Case Reports in Otolaryngology

Case Reports in Otolaryngology / 2014 / Article

Case Report | Open Access

Volume 2014 |Article ID 120985 | 4 pages | https://doi.org/10.1155/2014/120985

Informed Consent in Otolaryngologic Surgery: Case Scenario from a Nigerian Specialist Hospital

Academic Editor: Andrea Gallo
Received27 Mar 2014
Revised23 Jun 2014
Accepted26 Jun 2014
Published08 Jul 2014

Abstract

Informed consent is a foundational concept necessary for ethical conduct of clinical research and practice. It is a technical tool that shifts the autonomy to decide whether a medical procedure should be performed—from the doctor to the patient. However there is an ongoing discussion in bioethical circles on the level of comprehension of the informed consent process by the patients and research participants. We present this case vignette and the discussion afterwards to explore the question of to what extent a patient comprehends the information given to him/her before a surgical procedure is carried out. In other words, the question being asked here is how informed is informed consent in the context of oto-laryngological practice.

1. Background

The acquisition of medical information before undergoing any surgical operation is a complex process. It is increasingly being recognized that the patient plays an active role rather than just passively accepting doctors’ advice [1, 2]. Studies on this subject have largely yielded nonsatisfactory results [3]. Informed consent itself is a technical tool that shifts the autonomy to decide whether a medical procedure or clinical research should be performed—from the doctor to the patient [4]. Increase in the awareness of different websites has increased nonmedical sourcing of information being utilized by patients [5]. In this era of increased patient expectations, the medical profession is trying to optimize information delivery by using patient decision software [6] and printed information sheets (in up to 25% of ENT departments) [7] and increasingly by shifting the role of provision of patient information to more senior members of the team [8, 9]. Some studies in the United States have argued that the federal government poses an actual barrier to informed consent concerning oral contraceptives and induced abortion [10]. The understanding of informed consent among patients in developing countries like Nigeria depends on the educational level, extended family culture, rural-urban dichotomy, and religion [11]. The purpose of the study was to contribute to the debate on the level of comprehension and information retention during the process of informed consent using a case vignette from otolaryngological surgical practice. To our knowledge, this is the first report on informed consent report from north-central Nigeria.

2. Case Scenario

Patient AA is a 26-year-old female undergraduate who was seen in ENT clinic in a Nigerian specialist hospital with complaints of nasal discharge, nasal obstruction, excessive sneezing, mouth-breathing, and occasional cough.

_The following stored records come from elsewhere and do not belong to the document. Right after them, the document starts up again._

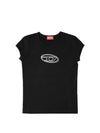 T Angie Peekaboo Logo Short Sleeve T-Shirt Black - DIESEL - BALAAN 2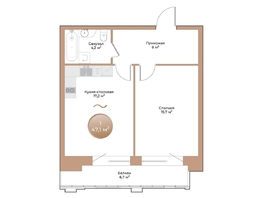 Продается 1-комнатная квартира ЖК Небо над Енисеем, 47.1  м&sup2;, 8949000 рублей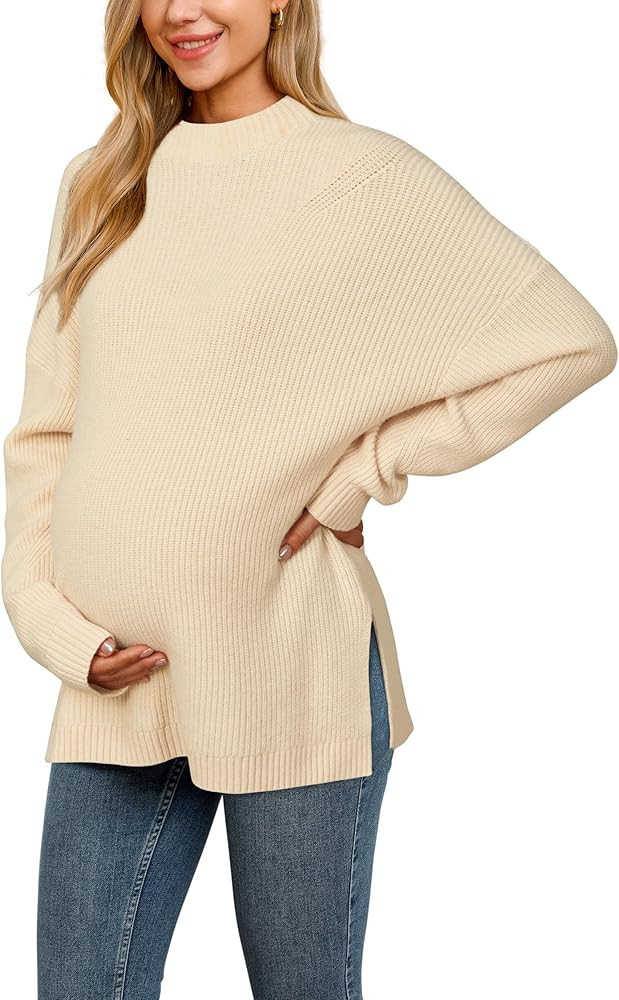 OUGES Maternity Oversized Sweaters 2025 Winter Clothing for Women Trendy Ribbed Knit Side Slit Wo... | Amazon (US)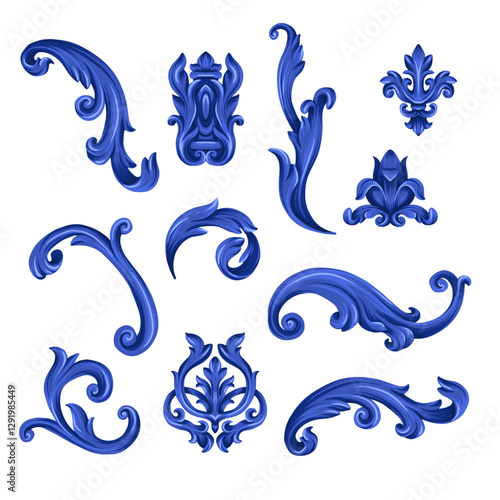 Baroque vintage elements isolated. Vector.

Physical examination revealed a young lady who was not pale, anicteric, and afebrile. Examination of the nasal cavity revealed normal shaped nose and no skin changes. There was an obvious pale, multiple polypoid bluish mass partially obliterating both nasal cavities which did not bleed on contact. The mass arises from the lateral wall; both turbinates appear bluish and engorged with partial patency. Neck examination revealed discrete submandibular and submental lymph nodes which were nontender.

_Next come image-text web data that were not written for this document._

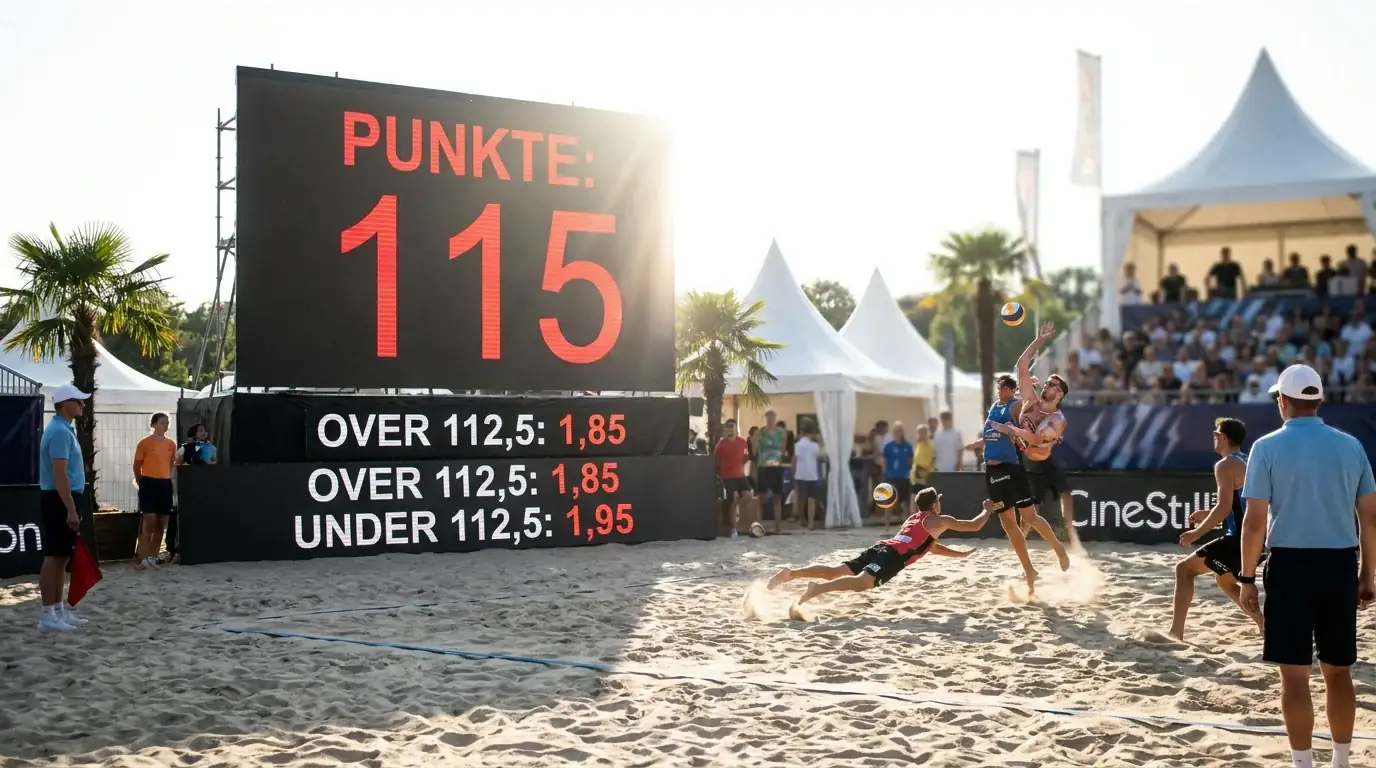 Beachvolleyball Over/Under Kombiwette: Analyse typischer Linien zwischen 100 und 130 Gesamtpunkten auf Sand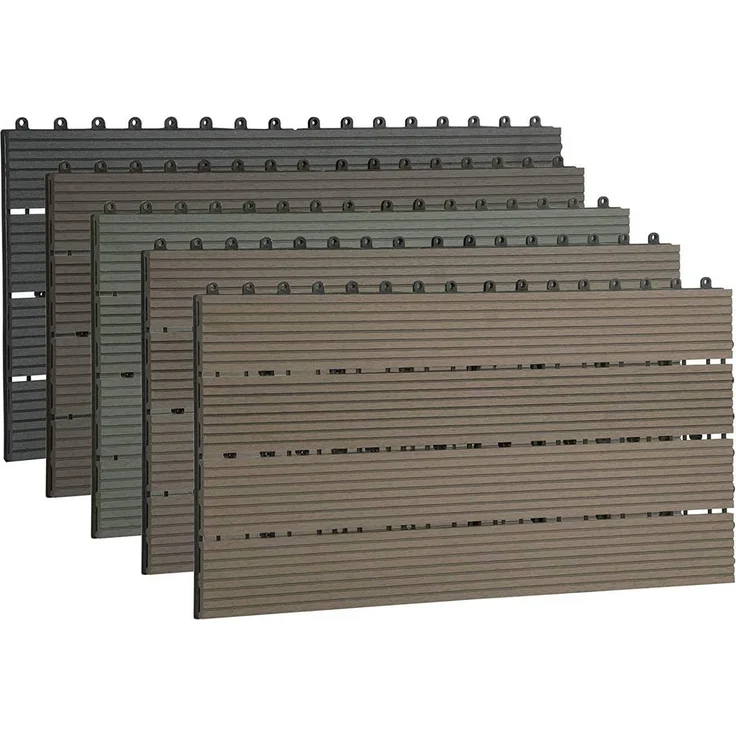 12er-Set WPC Terrassenfliese mit Klicksystem grau – Bild 1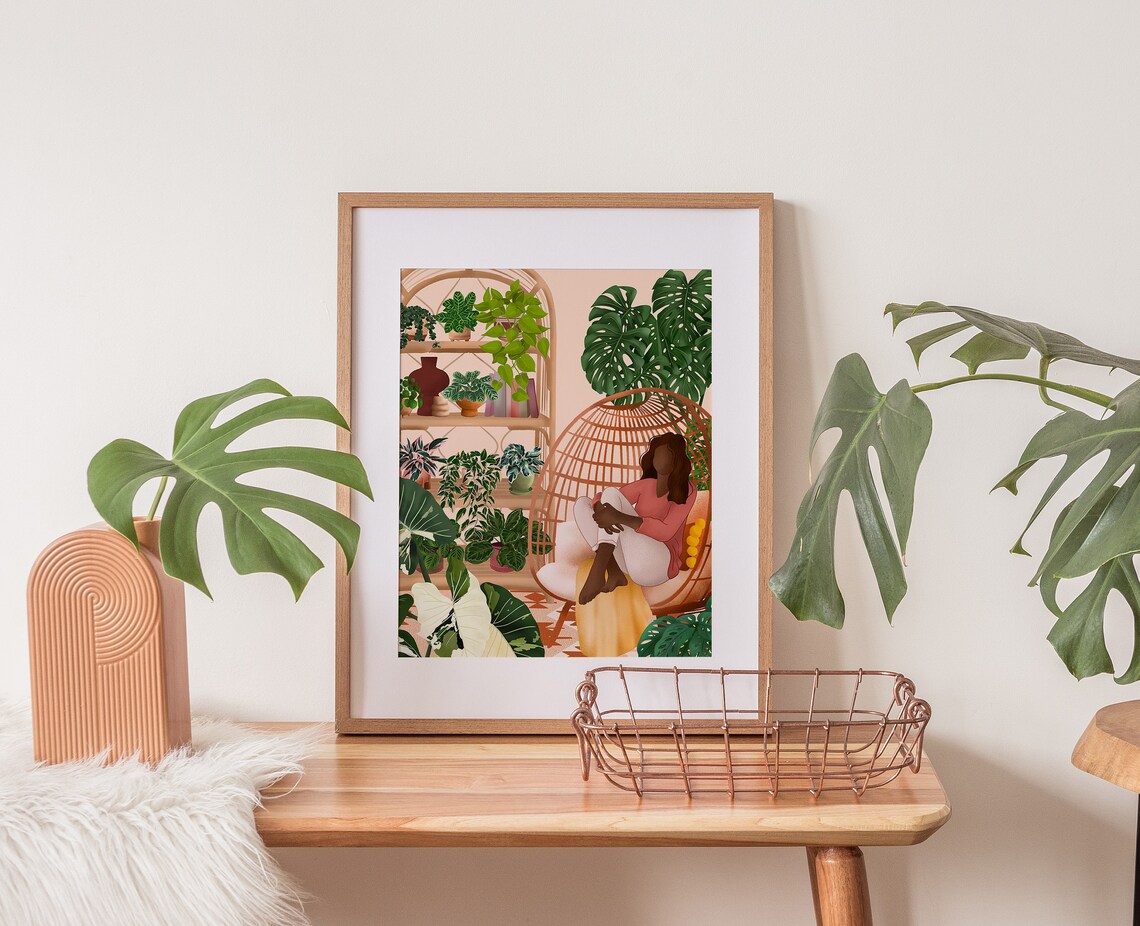 Woman In Rattan Egg Chair In Lush Greenhouse Room Illustration Poster - Image 2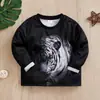 Sudadera de Manga Larga para Niño, Primavera y Otoño, Bebé, Estampado de Tigre y Tiranosaurio Rex, Ropa Infantil Transfronteriza, Estilo Europeo y Americano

An assessment of chronic rhinosinusitis with bilateral allergic nasal polyp was made on clinical ground. Patient had X-rays of the paranasal sinuses which revealed opacity of both maxillary sinuses and nasal cavities and this supported the above clinical findings. Patient could not afford computerized tomography due to financial challenges. The computerized tomographic scan is an important radiologic investigation that would have provided information on the possibility of offering the patient endoscopic sinus surgery along with ethmoidectomy and sphenoidotomy and possibly surgery to the frontonasal recess as the anatomy of the ethmoid and its immediate relations will be known. Other baseline investigations were done and found to be normal.

The details of what surgery is going to be done was explained to the patient in the clinic as well as the anaesthesia, the recovery process, postoperative management, and complication that can arise from the surgery. She was admitted and a written informed consent was signed by the patient and witnessed by a ward nurse after another round of discussion of the surgery about to be performed.

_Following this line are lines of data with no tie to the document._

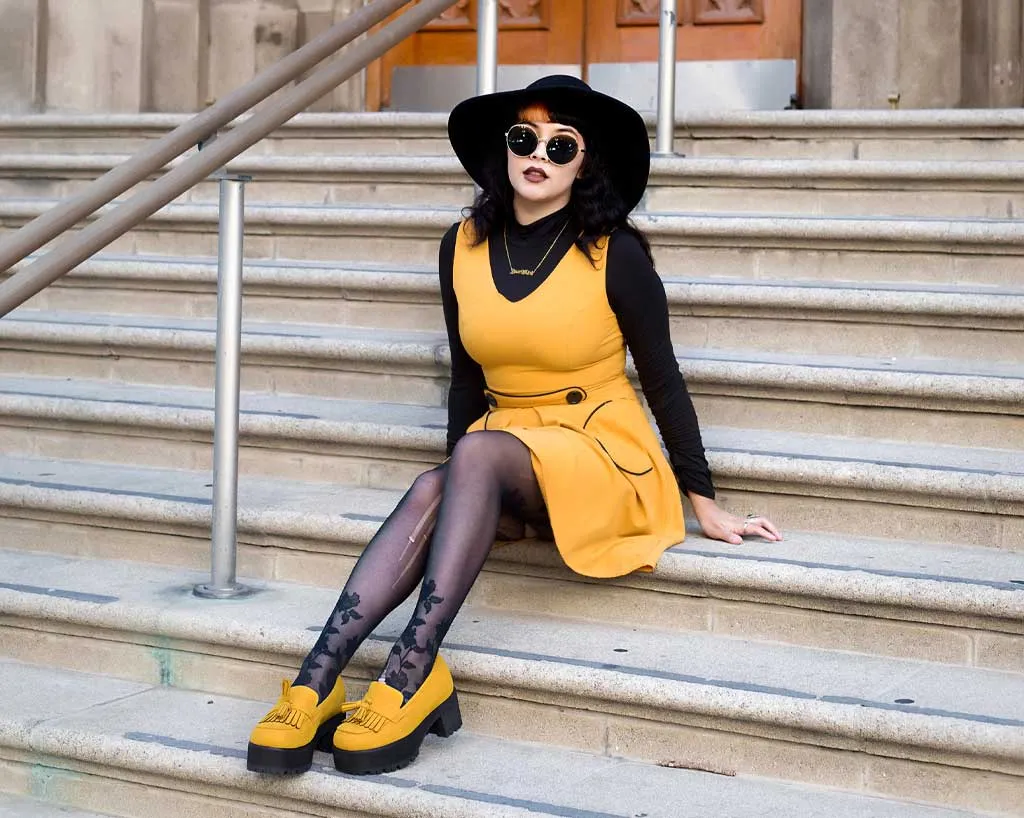 Mustard Faux Suede Fringe Loafer Platform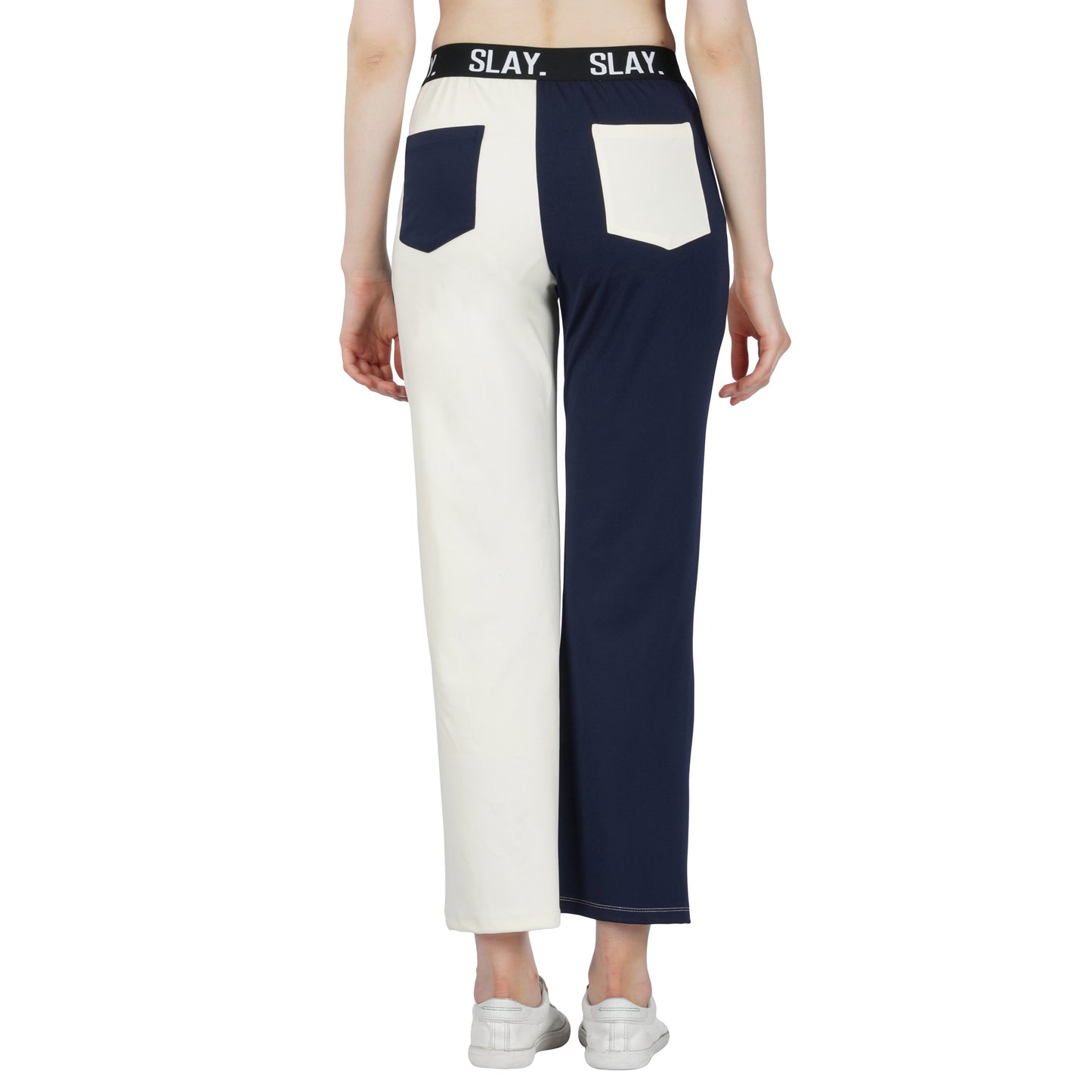 SLAY. Sport Women's Blue & White Colorblock Bikini Crop Top & Pants Co-ord Set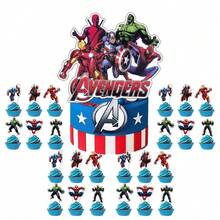 Sega Avengers Cake Decorations, Avengers Cupcake Decorations, Avengers Birthday Party Decorations, Avengers Theme Party Supplies - View 8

Patient had endoscopic guided bilateral nasal polypectomy and intranasal antrostomy under general anaesthesia after counseling in the clinic and a well-documented informed and understood consent. Ethmoidectomy, middle meatal antrostomy, and frontal recess surgery could not be done as there was no computerized tomographic scan that would assist in the anatomical guidance of this region. Patient was managed with antibiotics, decongestant, analgesics, and steroid spray postoperatively. Postoperatively before discharge patient expressed satisfaction at the outcome of surgery as both nasal cavities were clear and patent.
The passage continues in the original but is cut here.